Wahrheit-Welt der Tiere II: Superschlauer Nager foppt Aachener Aushilfskammerjäger

Am späten Abend plötzlich ein kurzes, heftiges Geräusch nebenan aus der Küche. So was wie Schritte. Der Schreck ist groß. Diebe? Überfall? Mit extra markiger Stimme rufe ich: „Hallooo! Wer ist da?!“ Instinktiv geht der Griff zur Bierflasche. Damit könnte man sich wehren. Dann nichts mehr. Ruhe.

Am Tag darauf klaproppelt es kurz unter den Holzdielen, dann raschelt es in der Mülltüte im Spülunterschrank. Eine Maus? Eine Maus! Bei Kälte suchen die Kleinen Schutz auch im 4. Stock. Als Gewaltfeind und Nagerhumanist stelle ich eine Lebendfalle auf. Sie funktioniert nach dem Schleusenprinzip. Maus kann rein durch eine zylindrische Metallstäbchenröhre, aber wegen der scharfen Spitzen nicht zurück. Darauf war ein Mausi schon mal reingefallen, ich hatte sie im nahen Park frei gelassen.

Am Morgen ist der Käse (Gouda, jung) weg. Die Maus auch. Also enger einstellen. Das Gleiche: Käse weggeknabbert, die Rindenstückchen liegen fein säuberlich abgenagt in einer Ecke. Noch enger. Ergebnis: Dito. Wie klein ist das Tier? Noch eine Spur enger. Seitdem wird die Falle ignoriert.

Also her mit den handelsüblichen Schnappfallen. Aber meine Maus ist keine handelsübliche Maus: Am nächsten Morgen ist die Falle weiterhin gespannt, der Käse (Gouda, mittelalt) weg. Wie hat die den da runterbekommen? Gut, Käse (jetzt Comté) fester in das vorgesehene Loch gestopft. Ergebnis: Dito. Und das diesmal am Abend, während wir in der Küche, keine zwei Meter von der Falle entfernt, Doppelkopf spielten. Meine Zocker sind Zeugen! Also den Mechanismus der Guillotine feiner justiert, Sicherungshaken glatt gefeilt. Am Morgen: Käse weg, Maus weg. Dann das Käsestückchen mit Heftzwecke befestigt: Käse weg, Maus weg. Und: Heftzwecke auch weg. Unfassbar!
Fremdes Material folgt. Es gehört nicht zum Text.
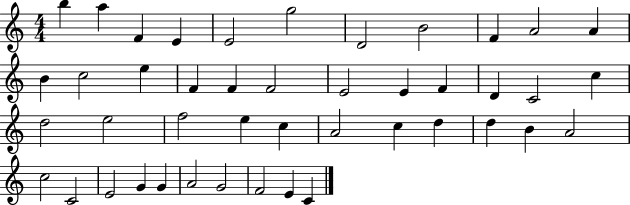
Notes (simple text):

B5/q A5/q F4/q E4/q E4/h G5/h D4/h B4/h F4/q A4/h A4/q B4/q C5/h E5/q F4/q F4/q F4/h E4/h E4/q F4/q D4/q C4/h C5/q D5/h E5/h F5/h E5/q C5/q A4/h C5/q D5/q D5/q B4/q A4/h C5/h C4/h E4/h G4/q G4/q A4/h G4/h F4/h E4/q C4/q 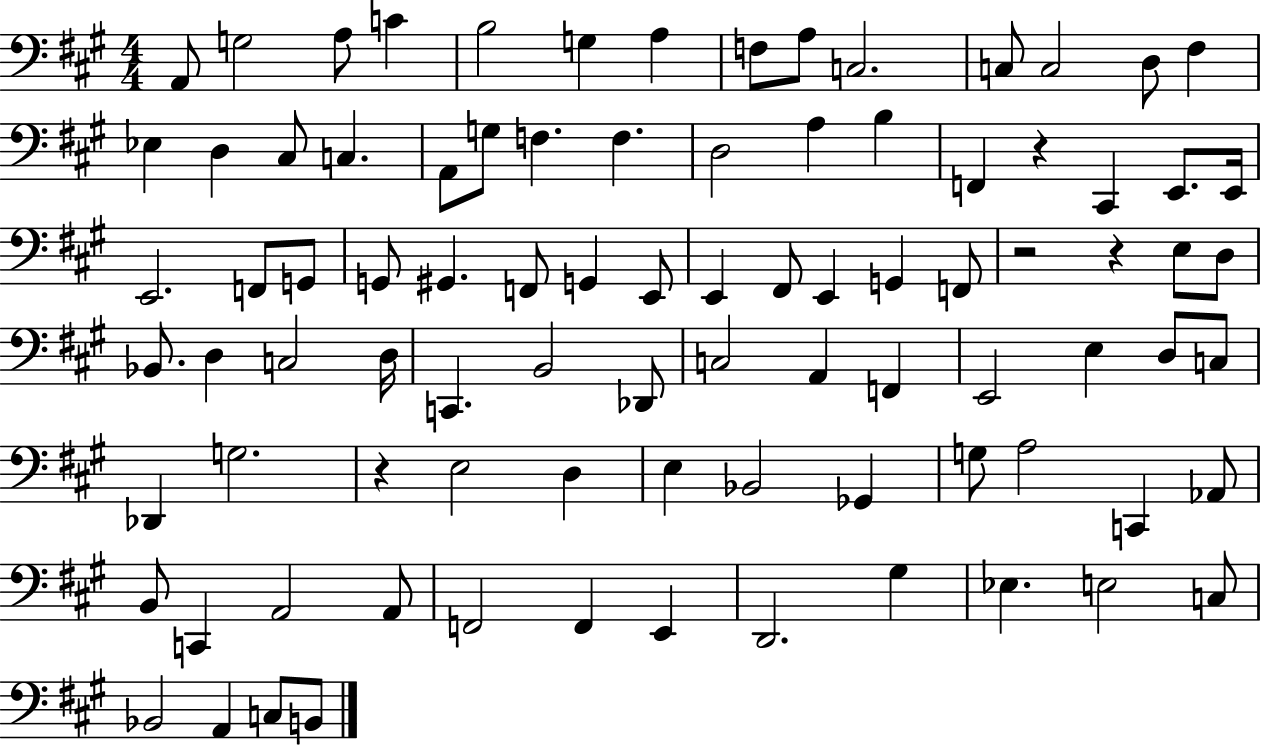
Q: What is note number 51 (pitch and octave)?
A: Db2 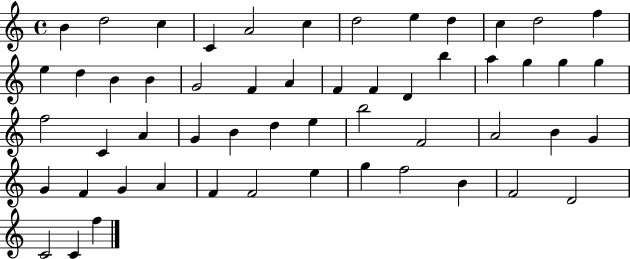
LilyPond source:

{
  \clef treble
  \time 4/4
  \defaultTimeSignature
  \key c \major
  b'4 d''2 c''4 | c'4 a'2 c''4 | d''2 e''4 d''4 | c''4 d''2 f''4 | \break e''4 d''4 b'4 b'4 | g'2 f'4 a'4 | f'4 f'4 d'4 b''4 | a''4 g''4 g''4 g''4 | \break f''2 c'4 a'4 | g'4 b'4 d''4 e''4 | b''2 f'2 | a'2 b'4 g'4 | \break g'4 f'4 g'4 a'4 | f'4 f'2 e''4 | g''4 f''2 b'4 | f'2 d'2 | \break c'2 c'4 f''4 | \bar "|."
} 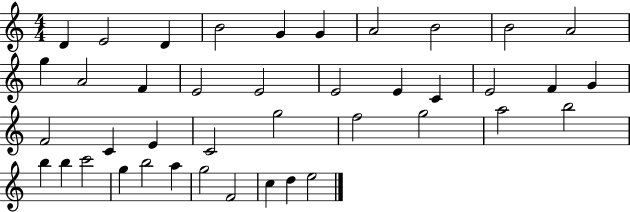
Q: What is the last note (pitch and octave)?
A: E5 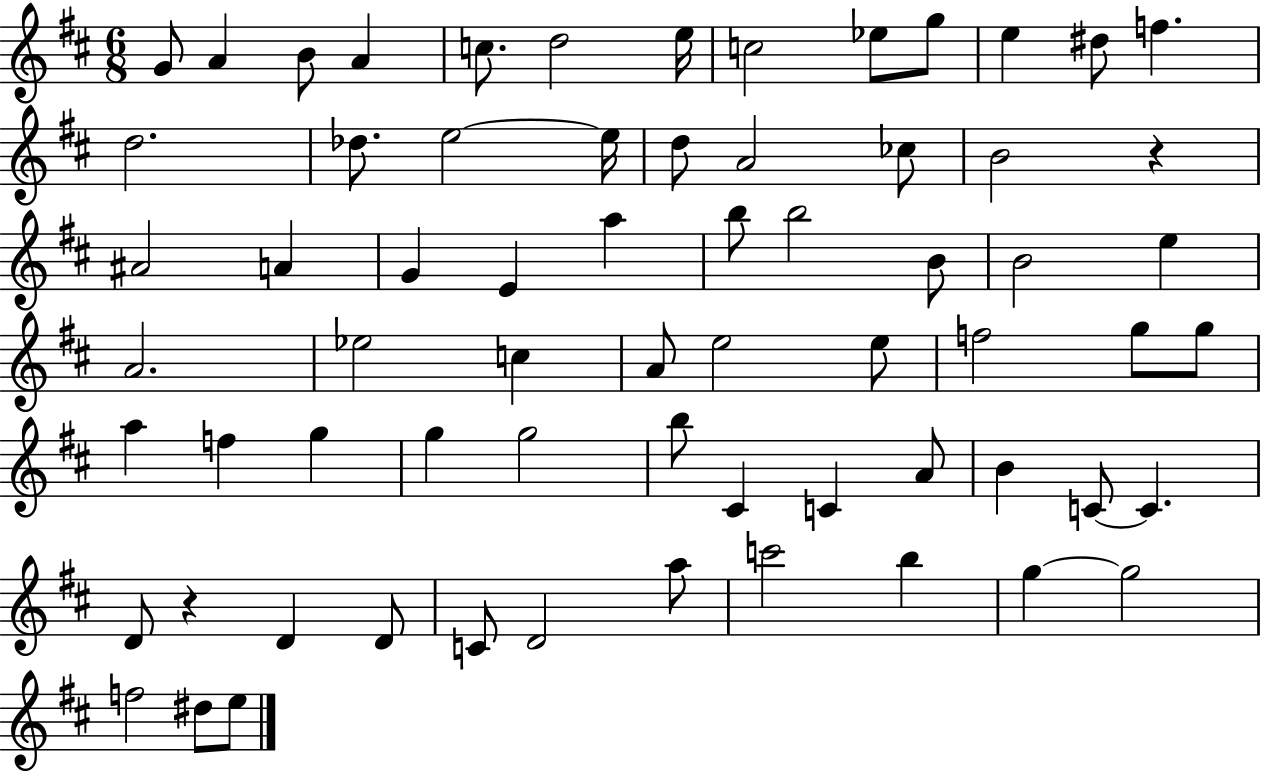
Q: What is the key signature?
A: D major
Nachbar Horst lästert, ich hätte es sicher mit einer funkgesteuerten Computermaus zu tun. Witzig das! Einen Rat hat er so wenig wie der telefonisch konsultierte Kammerjäger: Ich hätte es wohl mit einem besonders schlauen Exemplar zu tun. Fachleute kennen sich aus, das merkt man gleich. Alfred Brehm lobt in seinem Tierleben die „geschickten Bewegungen“ der Hausmaus (mus musculus) und urteilt: „Man kann sich schwerlich ein naschhafteres Geschöpf denken.“ Und: „Nicht selten findet man ihr Nest … selbst in Mausefallen.“ Welche Aussichten!
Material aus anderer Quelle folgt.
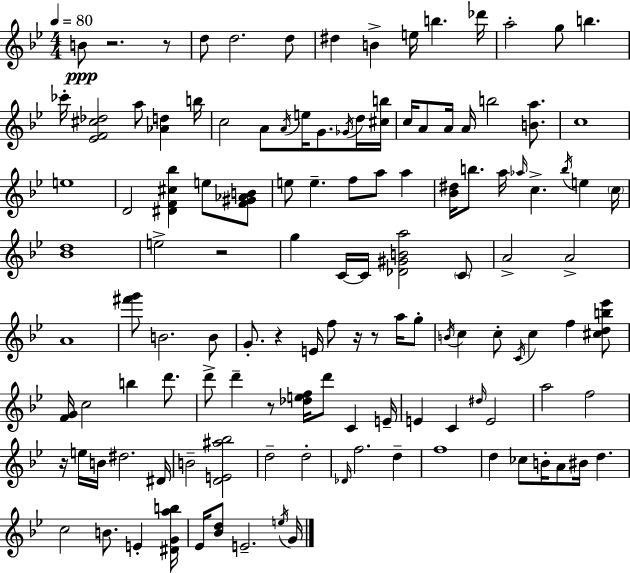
B4/e R/h. R/e D5/e D5/h. D5/e D#5/q B4/q E5/s B5/q. Db6/s A5/h G5/e B5/q. CES6/s [Eb4,F4,C#5,Db5]/h A5/e [Ab4,D5]/q B5/s C5/h A4/e A4/s E5/s G4/e. Gb4/s D5/s [C#5,B5]/s C5/s A4/e A4/s A4/s B5/h [B4,A5]/e. C5/w E5/w D4/h [D#4,F4,C#5,Bb5]/q E5/e [F4,G#4,Ab4,B4]/e E5/e E5/q. F5/e A5/e A5/q [Bb4,D#5]/s B5/e. A5/s Ab5/s C5/q. B5/s E5/q C5/s [Bb4,D5]/w E5/h R/h G5/q C4/s C4/s [Db4,G#4,B4,A5]/h C4/e A4/h A4/h A4/w [F#6,G6]/e B4/h. B4/e G4/e. R/q E4/s F5/e R/s R/e A5/s G5/e B4/s C5/q C5/e C4/s C5/q F5/q [C#5,D5,B5,Eb6]/e [F4,G4]/s C5/h B5/q D6/e. D6/e D6/q R/e [Db5,E5,F5]/s D6/e C4/q E4/s E4/q C4/q D#5/s E4/h A5/h F5/h R/s E5/s B4/s D#5/h. D#4/s B4/h [D4,E4,A#5,Bb5]/h D5/h D5/h Db4/s F5/h. D5/q F5/w D5/q CES5/e B4/s A4/e BIS4/s D5/q. C5/h B4/e. E4/q [D#4,G4,A5,B5]/s Eb4/s [Bb4,D5]/e E4/h. E5/s G4/s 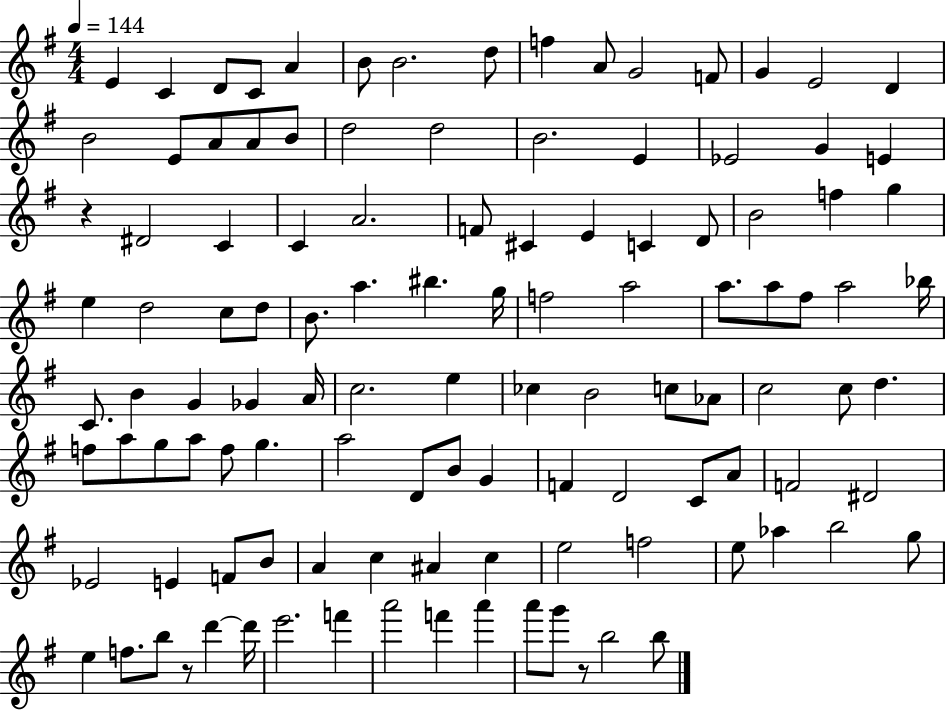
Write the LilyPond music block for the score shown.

{
  \clef treble
  \numericTimeSignature
  \time 4/4
  \key g \major
  \tempo 4 = 144
  e'4 c'4 d'8 c'8 a'4 | b'8 b'2. d''8 | f''4 a'8 g'2 f'8 | g'4 e'2 d'4 | \break b'2 e'8 a'8 a'8 b'8 | d''2 d''2 | b'2. e'4 | ees'2 g'4 e'4 | \break r4 dis'2 c'4 | c'4 a'2. | f'8 cis'4 e'4 c'4 d'8 | b'2 f''4 g''4 | \break e''4 d''2 c''8 d''8 | b'8. a''4. bis''4. g''16 | f''2 a''2 | a''8. a''8 fis''8 a''2 bes''16 | \break c'8. b'4 g'4 ges'4 a'16 | c''2. e''4 | ces''4 b'2 c''8 aes'8 | c''2 c''8 d''4. | \break f''8 a''8 g''8 a''8 f''8 g''4. | a''2 d'8 b'8 g'4 | f'4 d'2 c'8 a'8 | f'2 dis'2 | \break ees'2 e'4 f'8 b'8 | a'4 c''4 ais'4 c''4 | e''2 f''2 | e''8 aes''4 b''2 g''8 | \break e''4 f''8. b''8 r8 d'''4~~ d'''16 | e'''2. f'''4 | a'''2 f'''4 a'''4 | a'''8 g'''8 r8 b''2 b''8 | \break \bar "|."
} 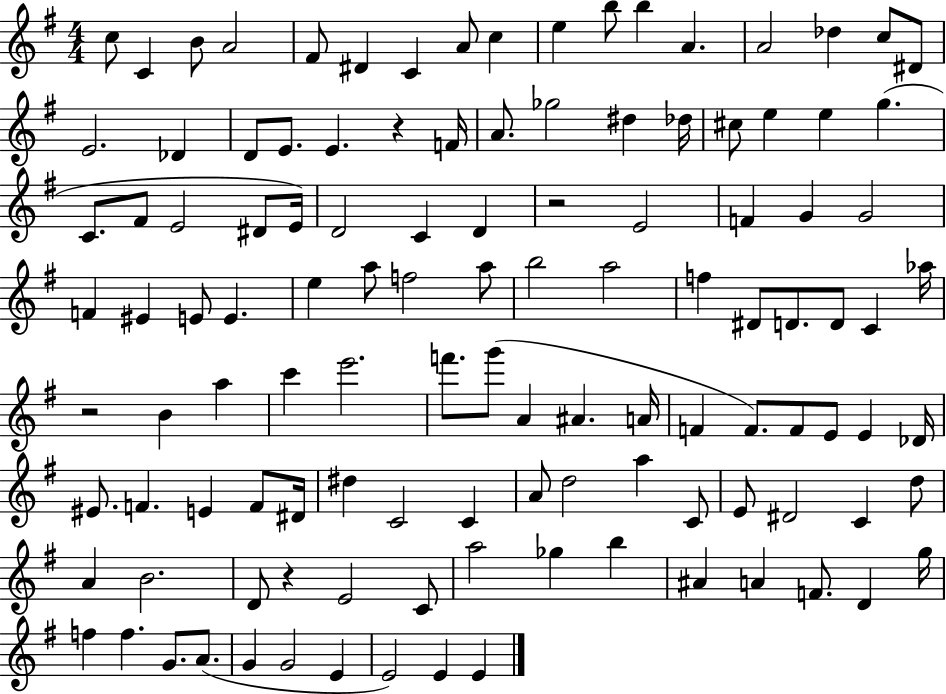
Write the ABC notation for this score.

X:1
T:Untitled
M:4/4
L:1/4
K:G
c/2 C B/2 A2 ^F/2 ^D C A/2 c e b/2 b A A2 _d c/2 ^D/2 E2 _D D/2 E/2 E z F/4 A/2 _g2 ^d _d/4 ^c/2 e e g C/2 ^F/2 E2 ^D/2 E/4 D2 C D z2 E2 F G G2 F ^E E/2 E e a/2 f2 a/2 b2 a2 f ^D/2 D/2 D/2 C _a/4 z2 B a c' e'2 f'/2 g'/2 A ^A A/4 F F/2 F/2 E/2 E _D/4 ^E/2 F E F/2 ^D/4 ^d C2 C A/2 d2 a C/2 E/2 ^D2 C d/2 A B2 D/2 z E2 C/2 a2 _g b ^A A F/2 D g/4 f f G/2 A/2 G G2 E E2 E E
Vorgestern Mittag ein Knall aus der Küche. Halali! Falle ausgelöst. Aber: keine Maus drin. Und der Käse: weg. Wie ist das möglich? Aus Verzweiflung Techniken noch feiner differenziert, jetzt schon mit zwei Fallen: Käse festnageln, mit Tesa abkleben (damit die Maus, so das Denkmodell, energischer ranmuss). Die Schaffott-Wippe beschweren, sodass ich sie kaum noch ohne Verlust einer Fingerkuppe gespannt bekomme. Morgens sind die Fallen ausgelöst. Immerhin sind die Utensilien nicht weg. Auch der Käse nicht. Aber von der Maus keine Spur.
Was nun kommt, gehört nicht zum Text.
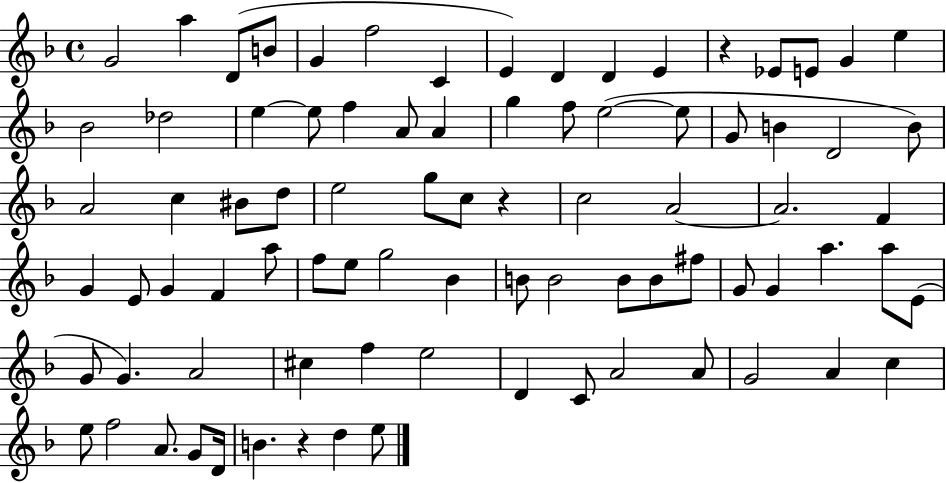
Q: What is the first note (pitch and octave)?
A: G4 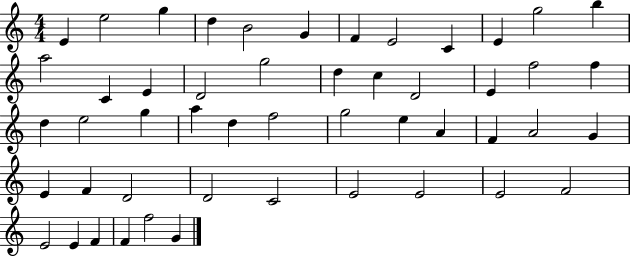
{
  \clef treble
  \numericTimeSignature
  \time 4/4
  \key c \major
  e'4 e''2 g''4 | d''4 b'2 g'4 | f'4 e'2 c'4 | e'4 g''2 b''4 | \break a''2 c'4 e'4 | d'2 g''2 | d''4 c''4 d'2 | e'4 f''2 f''4 | \break d''4 e''2 g''4 | a''4 d''4 f''2 | g''2 e''4 a'4 | f'4 a'2 g'4 | \break e'4 f'4 d'2 | d'2 c'2 | e'2 e'2 | e'2 f'2 | \break e'2 e'4 f'4 | f'4 f''2 g'4 | \bar "|."
} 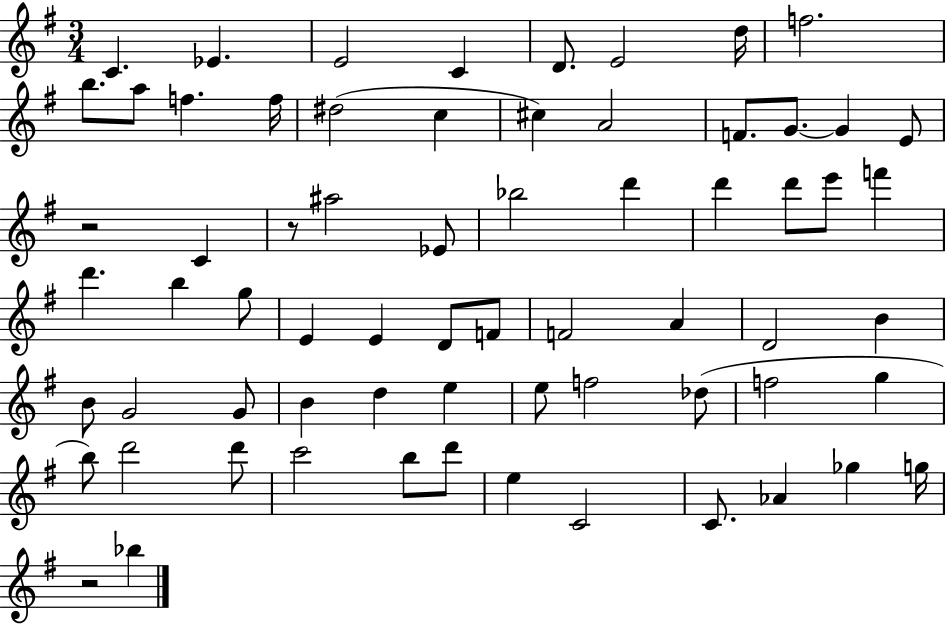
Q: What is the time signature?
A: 3/4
Ich erwäge den Kauf einer Infrarot-Webcam und fahre ansonsten jetzt mehrgleisig. Abends lege ich eine Wärmflasche unten in den Hausflur. Vielleicht reicht ihr das als Winterquartier. Wenn nicht: Mein Waffenarsenal ist jetzt mit neuen, geheimen – falls sie taz liest! –Techniken auf vier Fallen (jetzt auch mit Bio-Gruyere) erhöht. Clausewitz hätte seine Freude. Ich erkläre der Maus den Krieg. Meine Anerkennung als KDV gebe ich zurück. Außerdem nenne ich meine kleine Mitbewohnerin jetzt Mieze. Das soll sie seelisch zermürben. Der Kampf geht weiter. Venceremaus!

PS: Im Todesfalle (Maus/Genickschlag oder Autor/Verzweiflungssuizid) gibt die Wahrheit umgehend Nachricht.